Sabtu, 20 Maret 2010

DR. Ahmad Thayib


Kemarin, sudah tersebar kabar bahwa Syeikh Al-Azhar baru adalah DR. Ahmad Thayib. Mendadak terbayang dikepala ini sosok DR Ahmad Thayib yang berperawakan tenang, tatapannya tajam, namun pemikirannya sangat maju, yang paling menonjol dari beliau adalah "Upayanya mendialogkan Islam dengan Dunia"

Saya sebagai Alumni Al-Azhar tentu mempunyai ikatan emosi, maka sayapun ikut gembira, ketika presiden Husni Mubarok memilih beliau sebagai pemegang otoritas tertinggi di lembaga islam tertua itu. Beban ini memang sangat berat, mengingat Al-Azhar bukanlah lembaga local yang hanya mengurusi Ummat islam Mesir, tapi Ummat islam secara keseluruhan. Baik dengan pemberian beasiswa bagi murid-murid asing, atau bantuan mubaligh yang tersebar di seluruh pelosok dunia.

Hanya saja, saya sebagai murid mempunyai dua cacatan yang selama ini menjadi perhatian bahkan kritikan orang-orang di luar Al-Azhar. Mungkin juga para Masyayikh di Al-Azhar sendiri sudah tahu tentang permasalah ini tapi apa daya, kekuasaan sudah kadung membelenggu lembaga yang awalnya independent itu.
Pertama, Upayakan untuk mengurangi Intervensi pemerintah di halaman Al-Azhar. Sudah menjadi rahasia umum, bahwa selama ini kurikulum Al-Azhar sedikit diatur oleh pemerintah, seperti, Materi Juz hafalan Al-Qur'an yang dikurangi, sejumlah materi pelajaran juga tidak boleh diajarkan dll.
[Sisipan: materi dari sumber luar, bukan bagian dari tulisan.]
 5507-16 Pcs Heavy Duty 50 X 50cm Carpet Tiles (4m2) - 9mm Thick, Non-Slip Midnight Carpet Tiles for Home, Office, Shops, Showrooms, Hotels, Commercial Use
Nyatanya lagi, dalam struktur pengurus Lembaga Al-Azhar, keterlibatan pemerintah Mubarok terlihat sangat dipaksakan sekali. Asrama mahasiswa Asing (dulu saya pernah tinggal di sini) yang dulunya selalu dipimpin oleh non militer, ketika saya di sana dan mungkin sampai saat ini, dipimpin oleh Jebolan Militer. Tak heran beberapa kebijakan pimpinan ini banyak tidak sesuai dengan kehendak Mahasiswa, bahkan kabarnya beberapa bulan lalu sempat di demo oleh anak-anak di asrama mahasiswa asing itu.

Akibat dari intervensi ini, Kharisma Al-Azhar sebagai lembaga yang dulu pernah menjadi kiblat keilmuan islam dan kejernihan ajarannya memudar. Sampai orang-orang local mesir juga sekarang banyak yang tidak mempercayai Al-Azhar sebagai lembaga Islam yang murni berjuang memajukan islam, tapi isunya malah "Al-Azhar sebagai kepanjangan tangan dari pemerintahan".

Memang, kalau saya perhatikan, sebetulnya Al-Azhar dalam dilema, disatu sisi lembaga tertua ini harus independent dengan program-progamnya, tapi di sisi lain, pemerintah terus mengawasi, kalau ada kebijakan Al-Azhar yang tidak sejalan dengan kebijakan pemerintah, maka kebijakan Al-Azhar itu dihapus, meskipun itu lebih benar dalam konteks Al-Azhar.
Ada wacana, bahwa intervensi pemerintah mesir terhadap Al-Azhar adalah untuk mengurangi pengaruh Al-Azhar terhadap rakyat mesir, yang dulunya rakyat lebih percaya ke lembaga ini, bukan pada pemerintah.
Wacana lainnya, adalah tekanan pemerintah Amerika serikat kepada mesir untuk mengurangi pengaruh islam di negeri seribu menara itu. Hal ini bukan tidak mungkin sebenarnya, melihat selama ini, memang sukutu dekat Amerika.

Kedua, harapan untuk mepertahankan sikap tasammuh dan dialog keagamaan Al-Azhar yang selama ini sering kampanyekan oleh Al-marhum Syiekh thantawi. Upaya ini juga efektif di bawah pimpinan Syeikh Thantawi tapi kurang gregetnya. Apalagi Syeikh thayib lulusan sorbone, beliau seharusnya mempunyai peta yang lebih punya greget bagaimana bisa efektif mendialogkan islam dengan dunia, khusnya menghilangkan stigma negative barat terhadap islam selama ini.